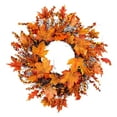 thumbnail image 2 of Mozhitti Wreath 24 Inch – Fall Front Door Decoration With Maple Leaves & Berries Garland For Thanksgiving And Home Décor, 2 of 3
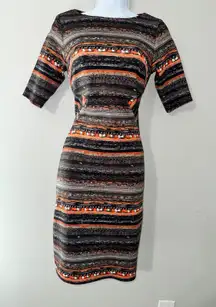 W by Worth Womens Size 0 Black Orange Striped‎ Knit Career Cocktail Dress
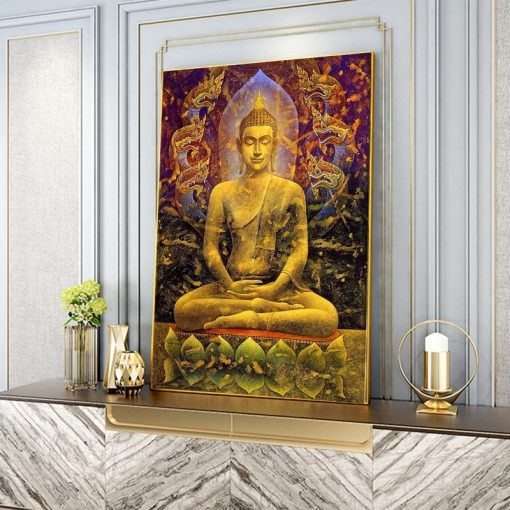 Golden Buddha Statue Canvas Painting Meditation Buddha Poster Modern Buddhist Decorative Home Decor Wall Art Pictures 2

#### Problem details
Once the line containing "W by Worth Womens" is found, transcribe it and the rest of the lines to the end of the listing above exactly, omitting all pictures.

#### Reply
 W by Worth Womens Size 0 Black Orange Striped‎ Knit Career Cocktail Dress
 Golden Buddha Statue Canvas Painting Meditation Buddha Poster Modern Buddhist Decorative Home Decor Wall Art Pictures 2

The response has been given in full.